## [Exercise details]
No pictures belong in the copy, but every line of the material below must be reproduced exactly.

## [Collected material]
::::
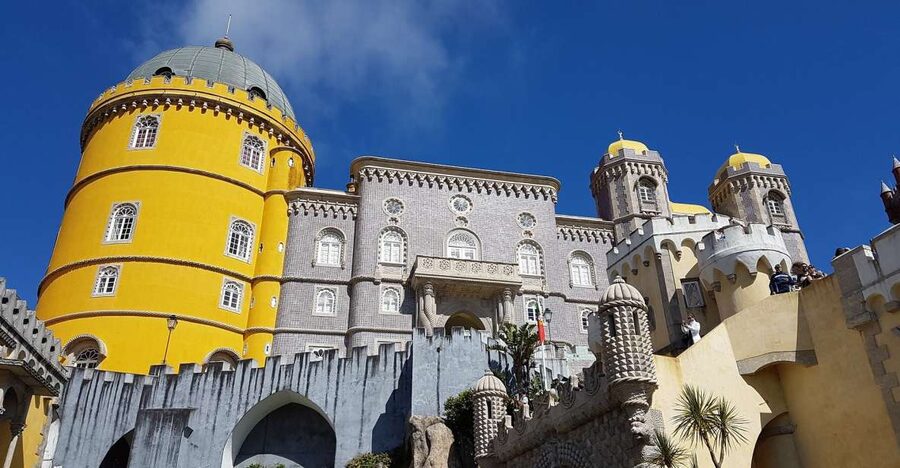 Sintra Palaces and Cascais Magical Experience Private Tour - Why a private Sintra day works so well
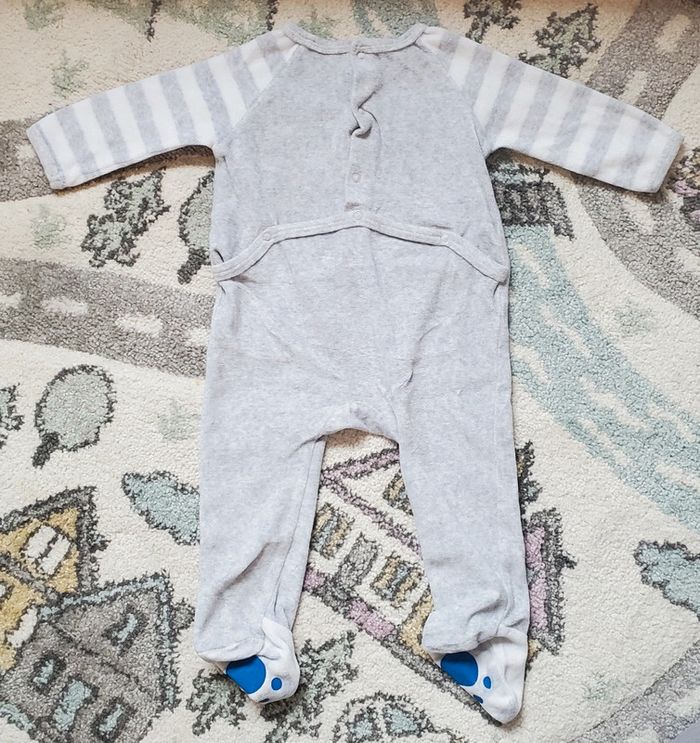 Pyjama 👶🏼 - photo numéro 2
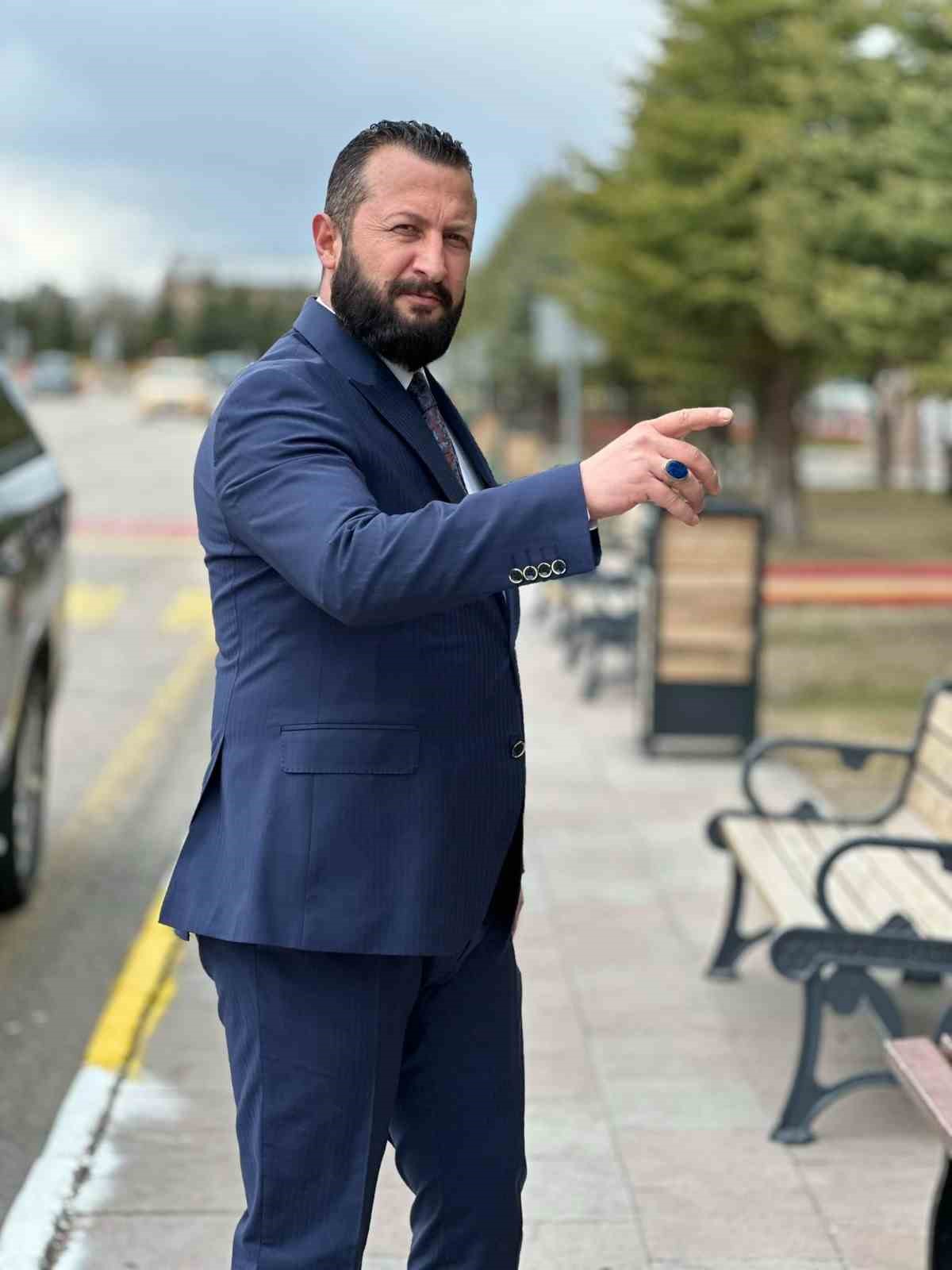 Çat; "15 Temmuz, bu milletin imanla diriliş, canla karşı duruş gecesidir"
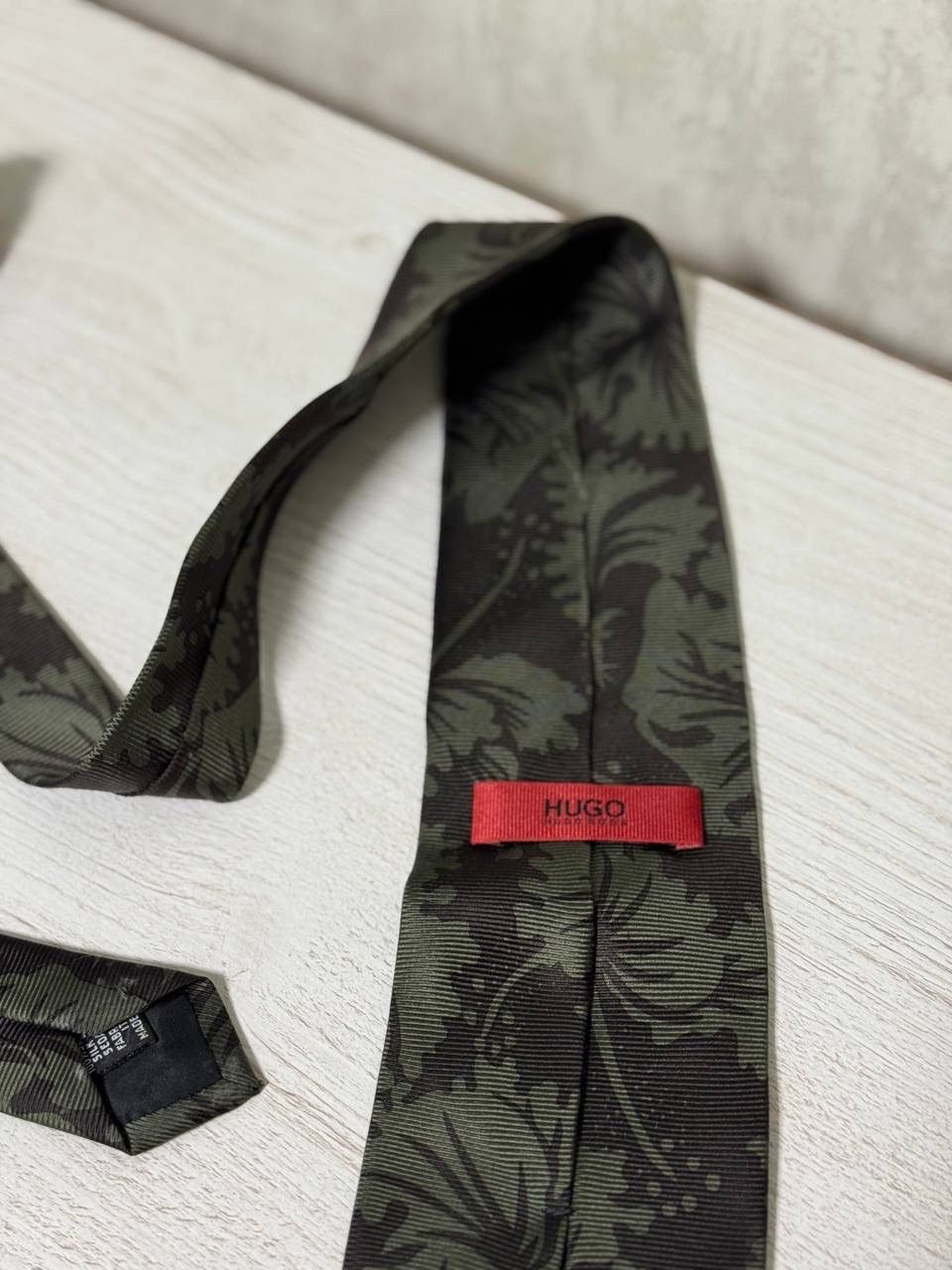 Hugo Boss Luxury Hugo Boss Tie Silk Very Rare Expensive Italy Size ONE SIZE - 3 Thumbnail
::::
## [Task solution]
 Sintra Palaces and Cascais Magical Experience Private Tour - Why a private Sintra day works so well
 Pyjama 👶🏼 - photo numéro 2
 Çat; "15 Temmuz, bu milletin imanla diriliş, canla karşı duruş gecesidir"
 Hugo Boss Luxury Hugo Boss Tie Silk Very Rare Expensive Italy Size ONE SIZE - 3 Thumbnail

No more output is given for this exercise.